To: mishedlo who wrote (75722)12/15/2006 11:11:41 AM
From: GST  Respond to of 110194
 
<Issing, Kasriel, and the others I mentioned> They would all cross the street to avoid you if they knew that you are trying to use them to convince people that inflation refers to money supply and not to prices. Anybody with the slightest serious interest in inflation and deflation have the same purpose in mind -- to explain persistent changes in price levels. Monetarists focus primarily on money supply. Others consider monetary policy as well as other factors -- these people are not monetarists. But you are neither a monetarist nor are you anything else. You formed your own club and became its only member when you dismissed prices as the focal subject of inflation and deflation.



To: mishedlo who wrote (75722)12/15/2006 11:21:51 AM
From: Tommaso  Read Replies (2) | Respond to of 110194
 
In all previous asset bubbles except Japan's, the final reckoning had to be made in gold and silver.

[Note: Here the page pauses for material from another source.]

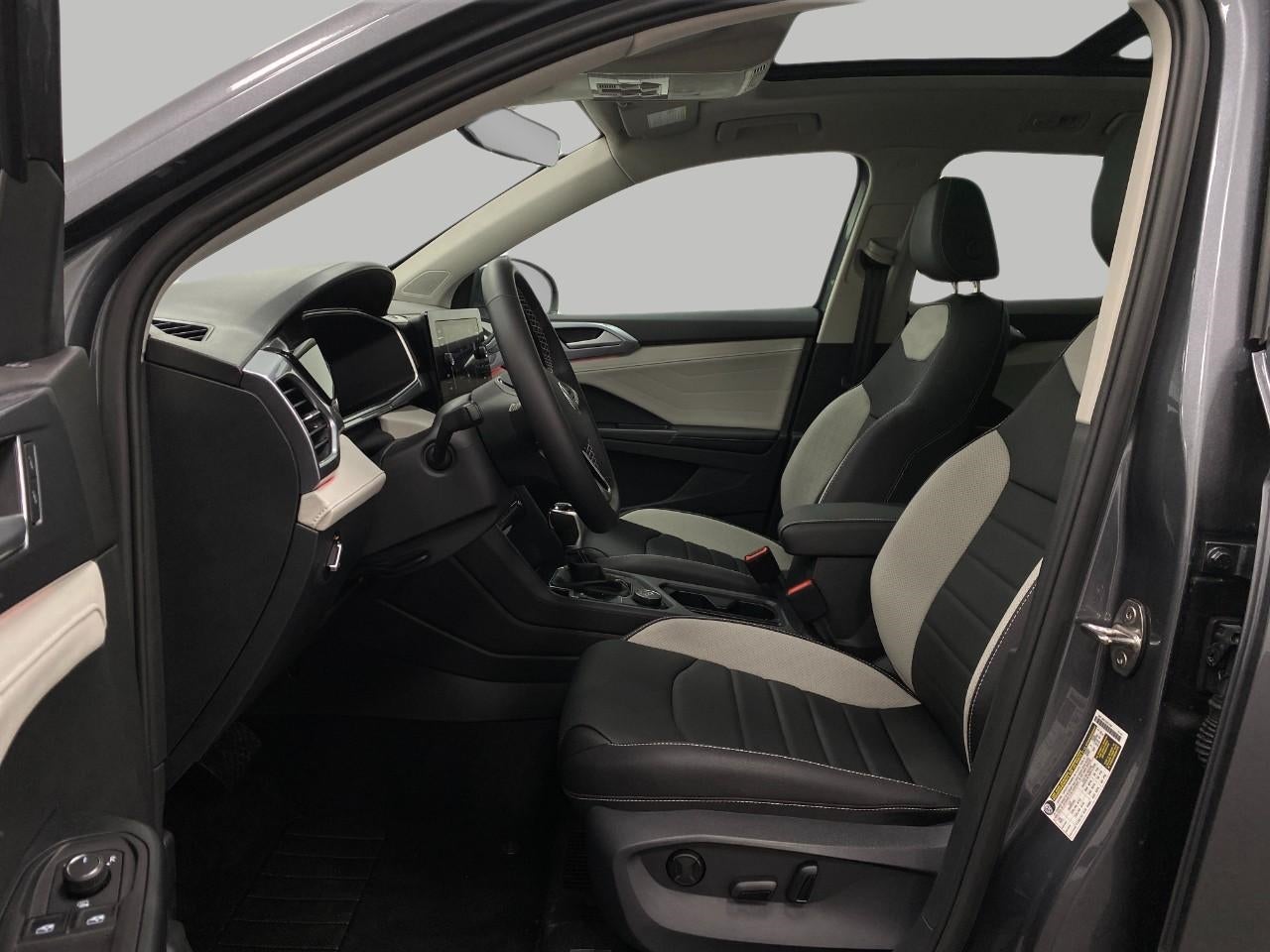 2026 Volkswagen Taos SEL 4MOTION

The saving and face-saving ethic of Japan, among other things, makes it not comparable to the United States.

The United States economic and financial situation is not really comparable to anything, although with every month it does resemble somewhat more closely what has happened repeatedly in Argentina, or possibly France of the period 1945 to 1965, when France was failing as a colonial power. France had its own Vietnam War, and then the Algerian War that threatened to turn into a civil war inside France itself.

It sounds as if you are among those who believe that Bernanke was speaking literally when he talked about throwing money out of helicopters. That is, it sounds as if you think he considered this a serious option.